彼自身の作によるもので、数少ないダンスチューンだ。

 

こんなことを書くとファンの人に叱られそうだが、第一印象は「声が出ていない」ということ。

この曲はそれほどの高音域もなく中音域が中心のメロディーラインになっている。唯一、高音が出てくるフレーズを彼はオリジナルと違って下げた音程で歌っている為、高音域もない。それなのにこんなに声が出ていないと感じるのは、彼の歌声に勢いがないからだ。

ちょっと画面を外して声だけに集中して聴いてみるとよくわかる。

いつもの彼なら、もっと伸びやかでフレーズに勢いがある。声が前に伸びていく感じがするのに対し、この日の彼の歌声にはそれがない。

できるだけノーズポジションに音を入れようとしているのはわかる。しかし、そこに入った音が出口を失っている。その為、声が彼の顔の中に止まり、外へと出ていかない。それが伸びがないと感じる理由である。

声の勢いが感じられない為に、声量がないように感じる。歌声全体に弾力性がないのだ。

あらためて聴いてみて、こんなに状態が悪かったのかと思った。

だからTV番組などで歌う折にもボリューム不足と感じることは否めなかった。

彼の中では同じように出しているはずなのに、ブレスに声が乗らないために前に飛んでいかない。

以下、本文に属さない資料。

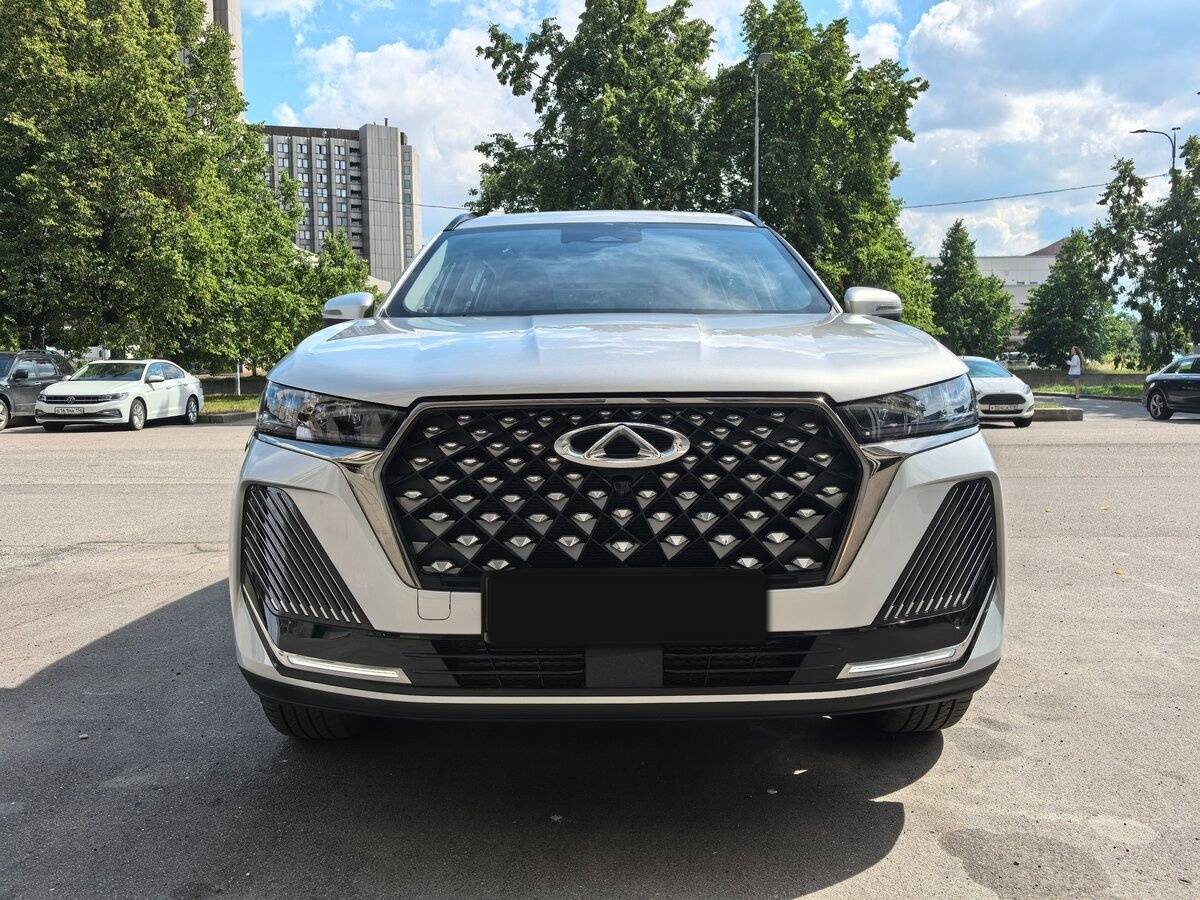 Chery Tiggo 7 Pro Max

非常に歌いにくく、あたりが悪い状態になっていたと思われる。

この映像がツアーのどの日だったか記憶にないが、ほぼ最終日に近い日程で録画されることが多いので、ツアーの疲れが出ているのも否定できないが、それにしても状態が悪すぎる、という印象を持った。

 

「Kiss B」は彼の声の状態がいい時は、もっと明るく華やかな音色になる。

声自体が飛び跳ねていて、もっとリズミカルだ。

前へ前へ音楽が進み、バンドの音が遅れるほどリズミカルに歌うのが特徴であり、もっと軽い音楽になる。

歌手の状態によって、バンドの音楽そのものも変わってくる。

この日の「Kiss B」は全体的に重く前へ音楽が回転していかない印象を持った。

 

最近の彼の歌声なら、もっといい状態で歌えていると思う。

それが残念だった。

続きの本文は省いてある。